## Prompt
Lines before the one holding "Texas Spring #3, Image 1." are not wanted. Please copy that line and everything after it to the end of the records, exactly, skipping pictures.

## Provided records

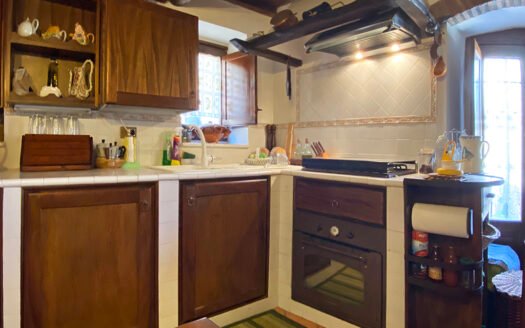 Soluzioni immobiliari ristrutturate a S.Stefano di Sessanio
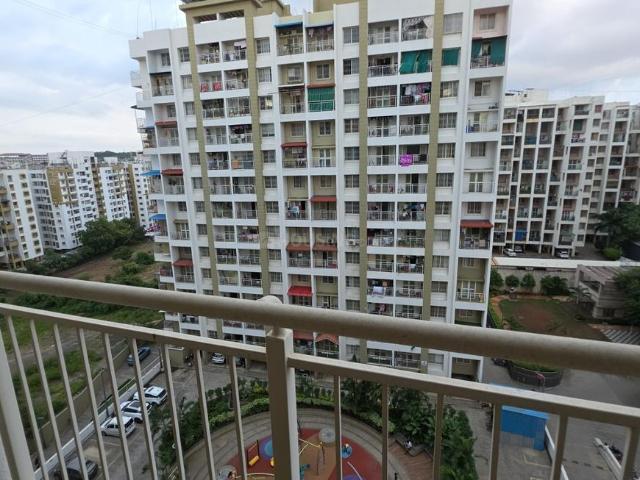 2 BHK Apartment in Ambegaon Budruk for rent Pune. The reference number is 21107489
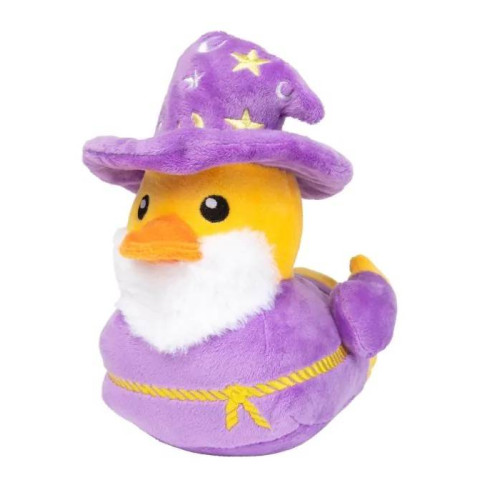 М'яка іграшка Качечка Сіріус Квак для собак FuzzYard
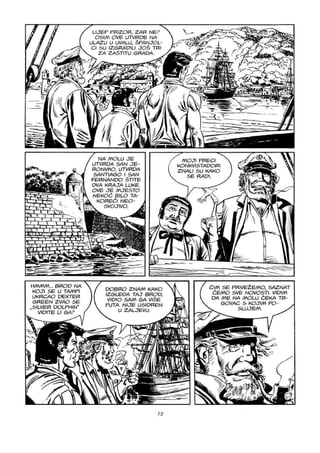 Zagor Ludens 240 - Ruta za Panamu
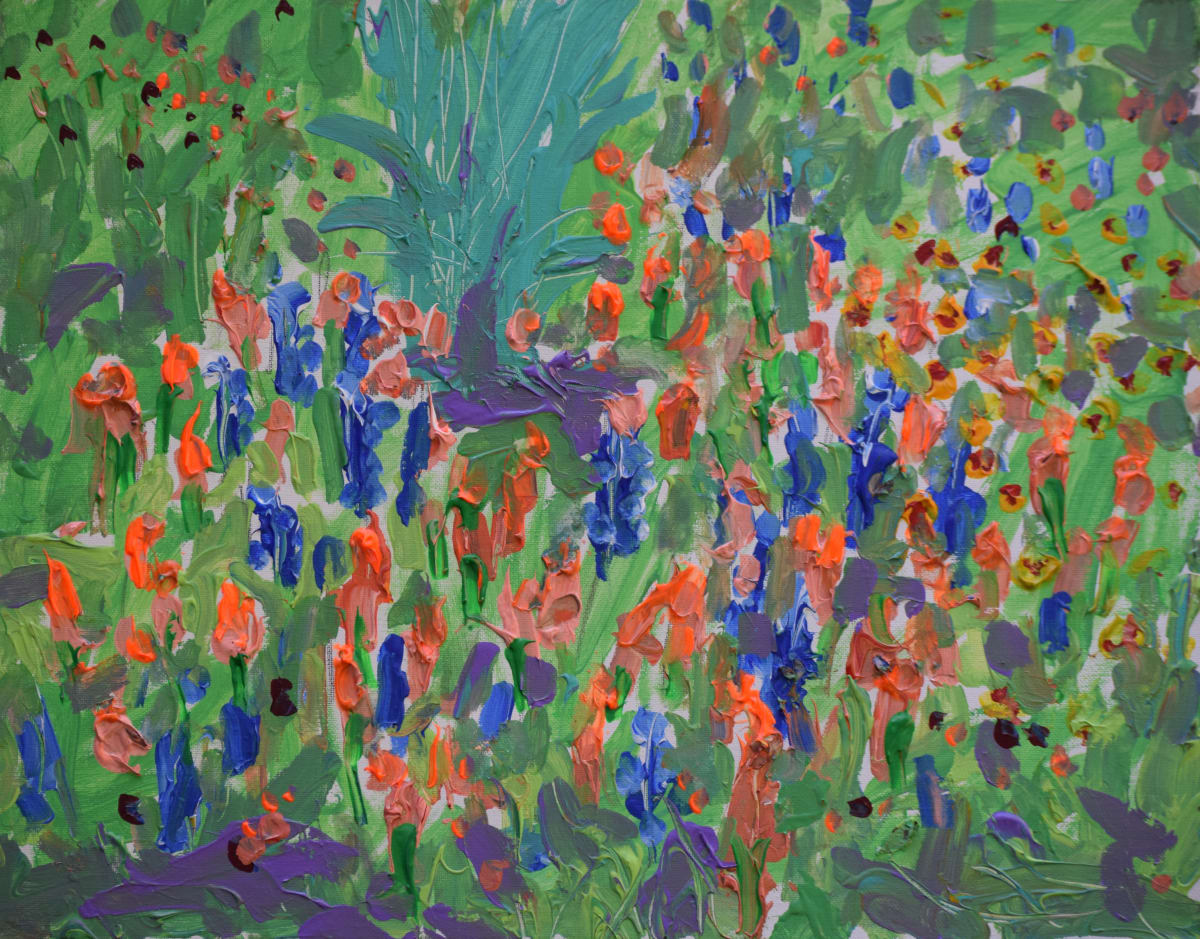 Texas Spring #3, Image 1.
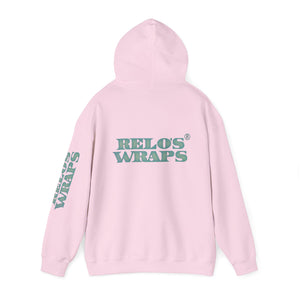 Sour Diesel - Unisex Heavy Blend™ Hooded Sweatshirt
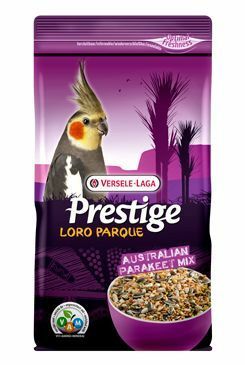 VL Prestige Loro Parque Austrálsky papagáj mix 2,5kgN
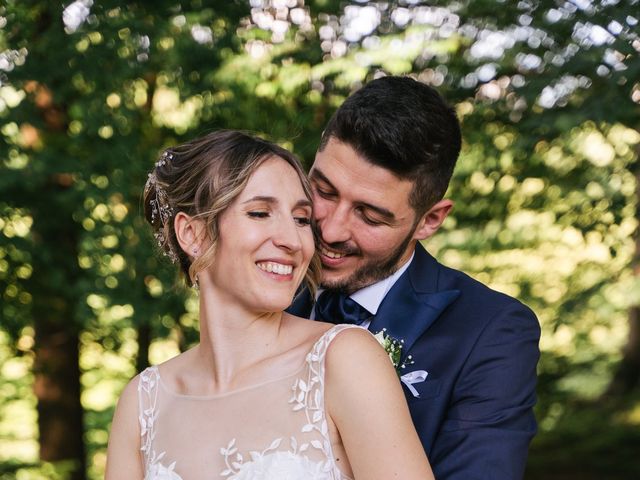 Il matrimonio di Giacomo e Giulia a Tradate, Varese 37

## Expected answer
 Texas Spring #3, Image 1.
 Sour Diesel - Unisex Heavy Blend™ Hooded Sweatshirt
 VL Prestige Loro Parque Austrálsky papagáj mix 2,5kgN
 Il matrimonio di Giacomo e Giulia a Tradate, Varese 37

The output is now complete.